Giaccone G, van Ark-Otte J, Rubio G J, Gazdar A F, Broxterman H J, Dingemans A M, Flens M J, Scheper R J, Pinedo H M
Department of Oncology, University Hospital Vrije Universiteit, Amsterdam, The Netherlands.
Int J Cancer. 1996 Jun 11;66(6):760-7. doi: 10.1002/(SICI)1097-0215(19960611)66:6<760::AID-IJC9>3.0.CO;2-Y.

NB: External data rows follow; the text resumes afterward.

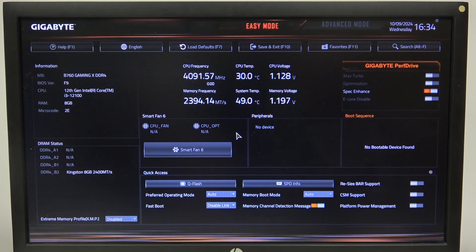Hello! In this video, I want to show you how to enable or disable VMD controller on a Gigabyte motherboard.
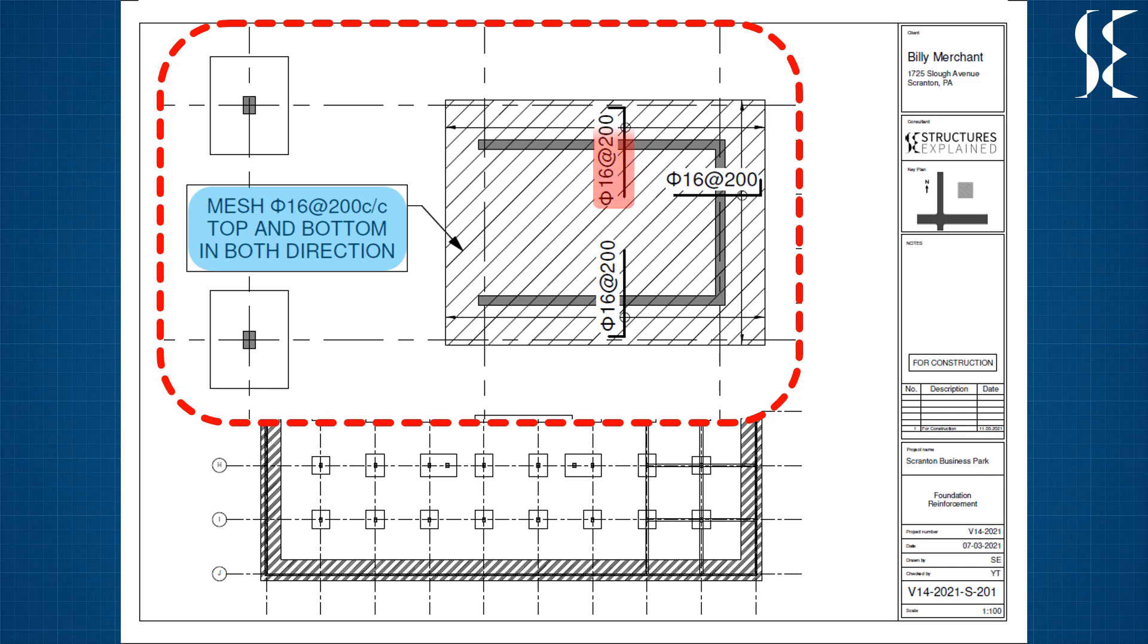If additional reinforcement is to be provided, it is represented in the same plan. For example, additional bar of 16mm spaced at 200mm centre to centre is provided below the wall.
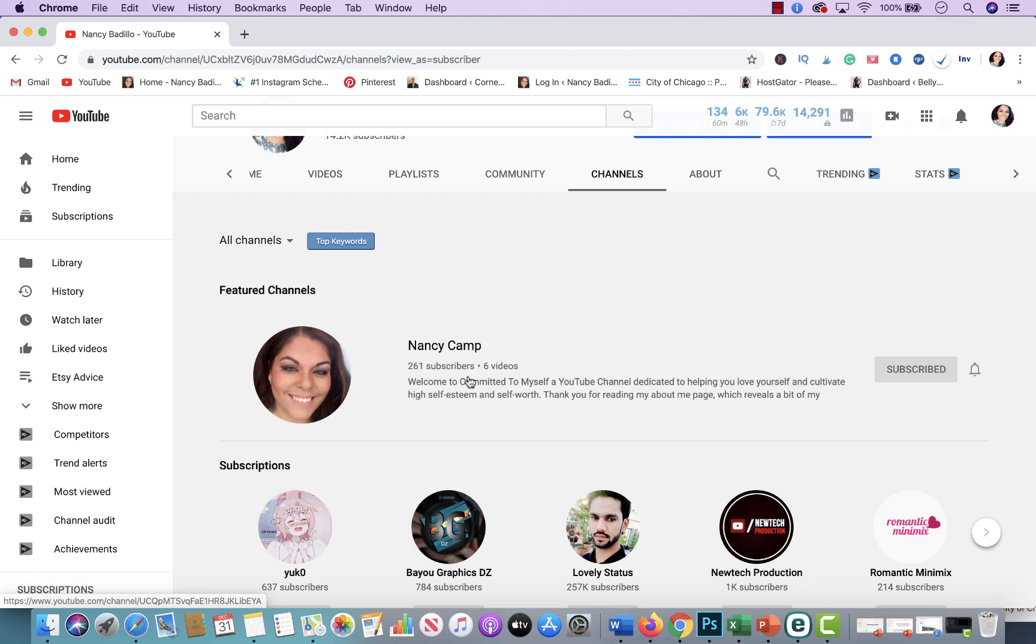But if you're interested in getting to know me in a different way, learning a little bit more about me, getting more inspirational videos, make sure that you subscribe to my channel, head over to this one, just click here and check it out and let me know what you think.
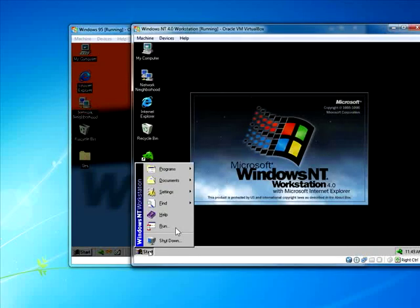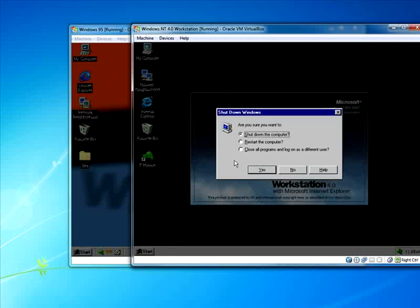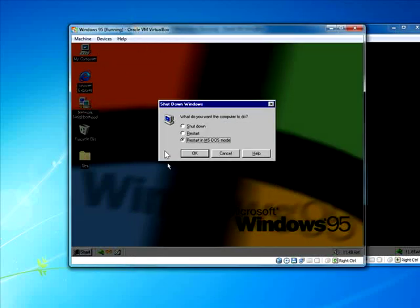In NT, there is no such option because there is no MS-DOS. It does not exist in Windows NT, nor does it exist in Windows 2000, nor does it exist in XP, Vista, or 7, because it uses the NT architecture. There is no MS-DOS in NT-based Windows operating systems, but you do have it in Windows 95 and 98.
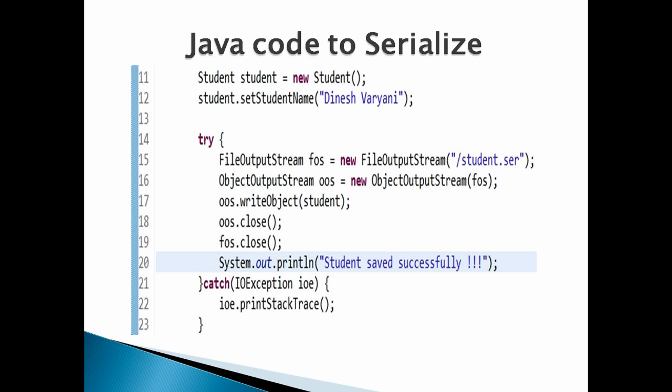In the test class main method, let's create an instance of the Student object and set the student name as Dinesh Varyani. Create a FileOutputStream instance passing in the location and name of the file where we want to serialize the Student object — here the location and name of the file provided is /student.ser. Then create an ObjectOutputStream instance by passing in the FileOutputStream instance created above.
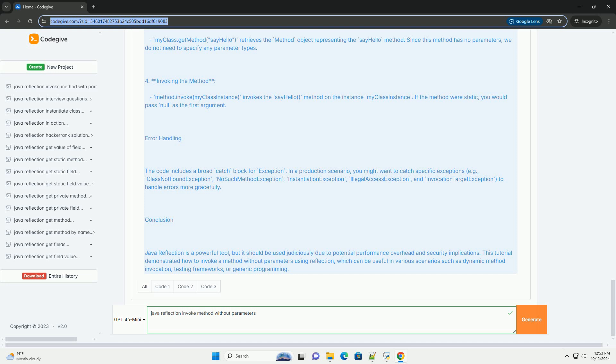Java Reflection is a powerful tool, but it should be used judiciously due to potential performance overhead and security implications. This tutorial demonstrated how to invoke a method without parameters using Reflection, which can be useful in various scenarios such as dynamic method invocation, testing frameworks, or generic programming.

The multidrug resistance-associated protein (MRP), a new membrane transporter related to non-Pgp multidrug resistance, is overexpressed in some drug-selected cancer-cell lines. The role of MRP in unselected cell lines and in human cancer is unknown. MRP gene expression, determined by RNase protection assay and chemosensitivity to doxorubicin, etoposide and cisplatin, determined by MTT assay, were assessed in 18 non-drug-selected lung-cancer cell lines (10 small-cell lung cancer, 6 non-small-cell lung cancer, and 1 carcinoid). MRP gene expression was also investigated in normal lung tissue and primary non-small-cell lung cancer. All cell lines except one and all normal lung tissues and primary non-small-cell lung cancers expressed detectable levels of MRP. Expression was significantly lower in cell lines than in normal and neoplastic lung. MRP protein expression was also assessed by immunohistochemistry using the monoclonal antibody MRPr1; comparable levels of expression were observed between mRNA and protein in cell lines; however, in tumor samples intense staining was observed in tumor cells as well as in infiltrating normal cells in tumors, making the results less comparable to those obtained by RNase expression. MRP expression did not directly correlate with function in a calcein accumulation assay in 2 unselected cell lines. No gene amplification was observed by Southern-blot analysis, in the unselected cell lines or in tumor samples. In general, in cell lines, MRP gene expression was correlated with lower chemosensitivity to doxorubicin and etoposide, but not to cisplatin. However, MRP expression did not directly correlate with MRP function as assessed by a calcein accumulation assay in one of 2 unselected cell lines examined. Our results suggest that MRP may be implicated in drug resistance in unselected lung-cancer cell lines and its role in normal lung and primary lung cancer warrants further investigation in patients undergoing chemotherapy.
多药耐药相关蛋白(MRP)是一种与非P糖蛋白多药耐药相关的新型膜转运蛋白,在一些经药物筛选的癌细胞系中过度表达。MRP在未经筛选的细胞系和人类癌症中的作用尚不清楚。通过核糖核酸酶保护试验测定MRP基因表达,并通过MTT试验测定对阿霉素、依托泊苷和顺铂的化学敏感性,对18个未经药物筛选的肺癌细胞系(10个小细胞肺癌、6个非小细胞肺癌和1个类癌)进行了评估。还对正常肺组织和原发性非小细胞肺癌中的MRP基因表达进行了研究。除一个细胞系外,所有细胞系以及所有正常肺组织和原发性非小细胞肺癌均表达可检测水平的MRP。细胞系中的表达明显低于正常和肿瘤性肺组织。还使用单克隆抗体MRPr1通过免疫组织化学评估MRP蛋白表达;在细胞系中观察到mRNA和蛋白之间的表达水平相当;然而,在肿瘤样本中,在肿瘤细胞以及肿瘤中的浸润正常细胞中均观察到强烈染色,使得结果与通过核糖核酸酶表达获得的结果不太可比。在2个未经筛选的细胞系的钙黄绿素积累试验中,MRP表达与功能没有直接相关性。在未经筛选的细胞系或肿瘤样本中,通过Southern印迹分析未观察到基因扩增。一般来说,在细胞系中,MRP基因表达与对阿霉素和依托泊苷的较低化学敏感性相关,但与顺铂无关。然而,在所检测的2个未经筛选的细胞系之一中,通过钙黄绿素积累试验评估,MRP表达与MRP功能没有直接相关性。我们的结果表明,MRP可能与未经筛选的肺癌细胞系中的耐药有关,其在正常肺组织和原发性肺癌中的作用值得在接受化疗的患者中进一步研究。